And that pretty much describes most of his output over the years, charming and kooky on the surface but troubling underneath.
But Lynch was far more than that. Lynch was above all an artist interested in exploring film as a medium of dreams, albeit ones that often resembled nightmares, of turning the traditional narrative on its head to create stories and loops within stories and loops, a puzzle knot to be deciphered. Even his most conventional seeming films reflect this, images recur throughout and across films almost establishing a shared world between his works of shared memories and often shared lives.
His films covered a variety of genres, surrealist horror, Victorian melodrama, sci-fi epic, comedy, but more often than not mysteries which allowed him to explore the dreamlike vistas he became known for. To me his three best works explore this most, Blue Velvet, Mulholland Drive and Twin Peaks. The first two explore his recurring theme of “A woman in trouble”, blurring the lines between the victim and femme fatale in each case to create a level of discomfort Inn the audience. The latter was something else, starting as a mystery attached to a soap opera, but in the latter series released twenty-five years after the original it again morphed into something else. Episode Eight in particular may be one of the most experimental pieces of television ever released, a meditation on evil loosely formed around the narrative of the Trinity Test Site that allows for a deeper exploration of what Twin Peaks is about.
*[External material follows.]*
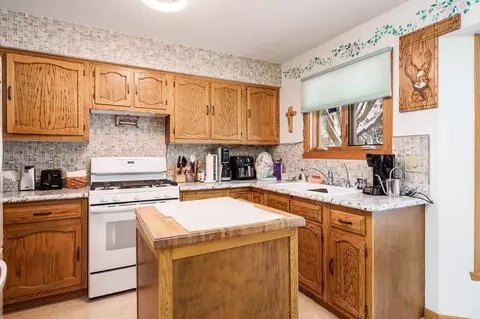12167 Wagon Ln, Roscoe, IL 61073 photo 10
Lynch was also one of the great directors of women. Many of his films revolved around the premise of “A woman in trouble”, but in each case that only told half the story and, there was meat to those roles. Lynch trusted his women to carry his films rather than reducing them to the supporting role. It’s difficult to stress how increasingly uncommon this is, especially within Hollywood. Lynch even poked fun at this, the audition scene from Mulholland Drive is a masterclass in taking apart the traditional female role within film, stripping it back and creating another narrative within the wider narrative, one that questions how Hollywood treats women.
His soundscapes were also integral, often discordant hellscapes mixed with pop bubblegum. Dean Stockwell miming to Roy Orbison is an image that is difficult to forget as is the clicks and hisses of hundred of beetles as they writhe in a severed ear.
So goodbye Mr. Lynch and thank you for invading our dreams over the last fifty years with your dark and troubling own.